| ACTIVITY |
Your response to the data below should hold nothing except the lines from the one containing "Wash Face Hair" down to the one containing "For OPPO Reno7", reproduced exactly and without pictures.

| DATA |
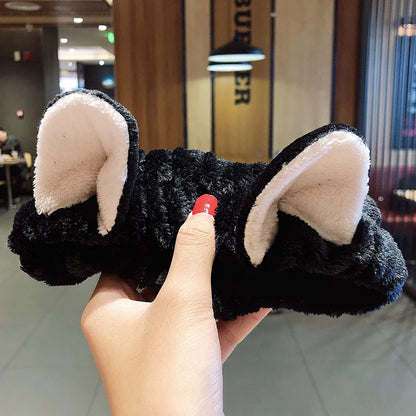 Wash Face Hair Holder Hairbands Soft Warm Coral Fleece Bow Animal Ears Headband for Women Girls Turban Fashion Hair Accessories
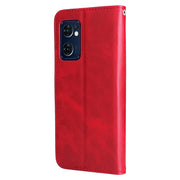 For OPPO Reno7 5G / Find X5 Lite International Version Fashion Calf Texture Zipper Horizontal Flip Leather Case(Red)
* * *
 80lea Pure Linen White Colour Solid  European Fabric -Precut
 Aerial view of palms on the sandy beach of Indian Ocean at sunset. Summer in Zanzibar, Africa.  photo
...
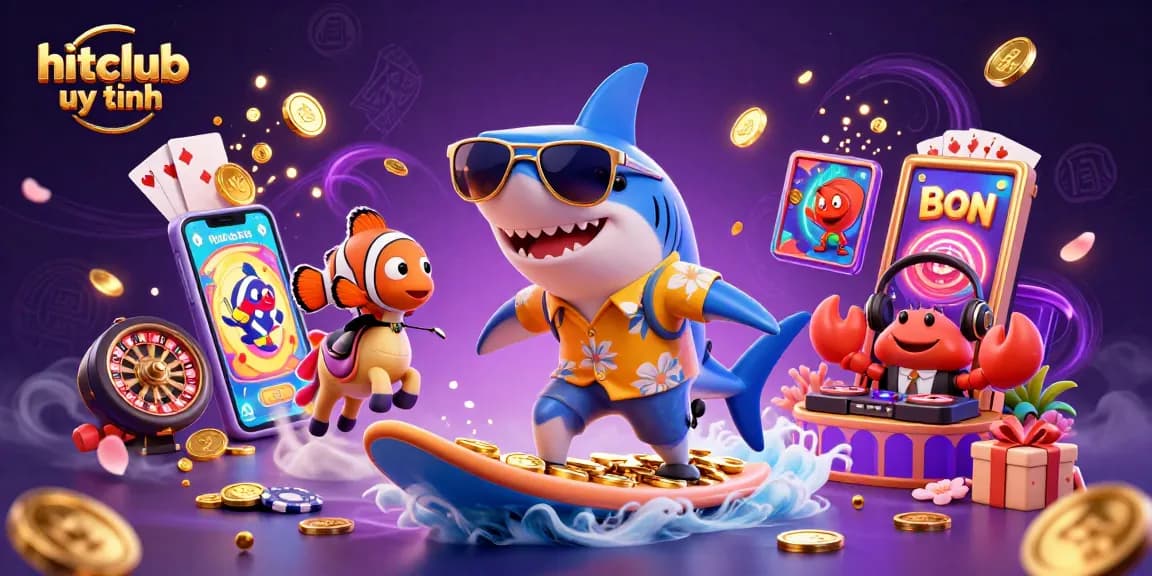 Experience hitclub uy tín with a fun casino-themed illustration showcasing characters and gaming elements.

| TASK RESULT |
 Wash Face Hair Holder Hairbands Soft Warm Coral Fleece Bow Animal Ears Headband for Women Girls Turban Fashion Hair Accessories
 For OPPO Reno7 5G / Find X5 Lite International Version Fashion Calf Texture Zipper Horizontal Flip Leather Case(Red)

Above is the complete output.